FK: Or alternately it turns out this person has a different idea than I do, and how do I deal with that.
LM: Exactly. So this essay that I wrote looks at three different case studies. One of them is from my dissertation, it was Japanese fans of the Hong Kong singer Aaron Kwok and their reactions to a concert where he came out in this lamé kimono kind of thing, and they were like “Oh my God.’ You know. Because he was trying to address them as Japanese fans, and they—prior to seeing him on stage—had a much more intimate relationship with him that transcended or exceeded any kind of national orientation. So when he comes out in this gold lamé kabuki thing, they’re like “Whoa.” He’s separating them, where they had expected to be closer in a way.

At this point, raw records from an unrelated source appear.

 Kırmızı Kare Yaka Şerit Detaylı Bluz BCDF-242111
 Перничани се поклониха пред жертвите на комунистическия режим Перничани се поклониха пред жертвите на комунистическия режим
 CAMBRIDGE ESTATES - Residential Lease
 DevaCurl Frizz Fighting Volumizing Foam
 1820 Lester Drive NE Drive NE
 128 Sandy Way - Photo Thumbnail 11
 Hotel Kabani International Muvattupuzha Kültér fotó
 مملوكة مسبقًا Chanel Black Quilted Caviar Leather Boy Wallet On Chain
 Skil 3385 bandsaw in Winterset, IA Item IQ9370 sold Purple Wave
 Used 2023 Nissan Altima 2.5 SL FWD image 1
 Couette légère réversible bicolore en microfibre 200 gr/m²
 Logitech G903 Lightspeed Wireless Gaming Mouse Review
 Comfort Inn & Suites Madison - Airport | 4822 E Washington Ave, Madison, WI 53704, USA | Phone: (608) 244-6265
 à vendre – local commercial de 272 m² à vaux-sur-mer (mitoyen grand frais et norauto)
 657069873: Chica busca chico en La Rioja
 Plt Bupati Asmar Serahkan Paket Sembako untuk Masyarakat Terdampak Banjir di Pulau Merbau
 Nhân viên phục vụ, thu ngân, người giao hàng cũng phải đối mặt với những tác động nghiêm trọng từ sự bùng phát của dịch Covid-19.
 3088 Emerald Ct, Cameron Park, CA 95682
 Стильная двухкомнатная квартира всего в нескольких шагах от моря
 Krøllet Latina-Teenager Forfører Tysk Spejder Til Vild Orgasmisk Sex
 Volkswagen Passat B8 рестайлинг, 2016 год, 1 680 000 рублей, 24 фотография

Another one was looking at the relationship between a couple of television producers and creators and fans who shipped two of their main characters [Elizabeth quietly cracking up] and the different cultural backgrounds they were coming from. And the last one was, three of my fandom friends, who are also black women, agreed to be interviewed for this one, and I was talking about their experiences in normative fandom, which is generally white, sometimes middle class, white is the big one, oftentimes heterosexual, you know, this kind of thing. But white.
And all of them kind of grouped under the aegis of destabilized ontological position, and if you look at these you can kind of see these generalizable reactions. What you often get, and this happened in terms of Racefail, as well. What you often get is a range of about four or five responses to that destabilization, and particularly on the part of the people who are in power, who don’t want to see it.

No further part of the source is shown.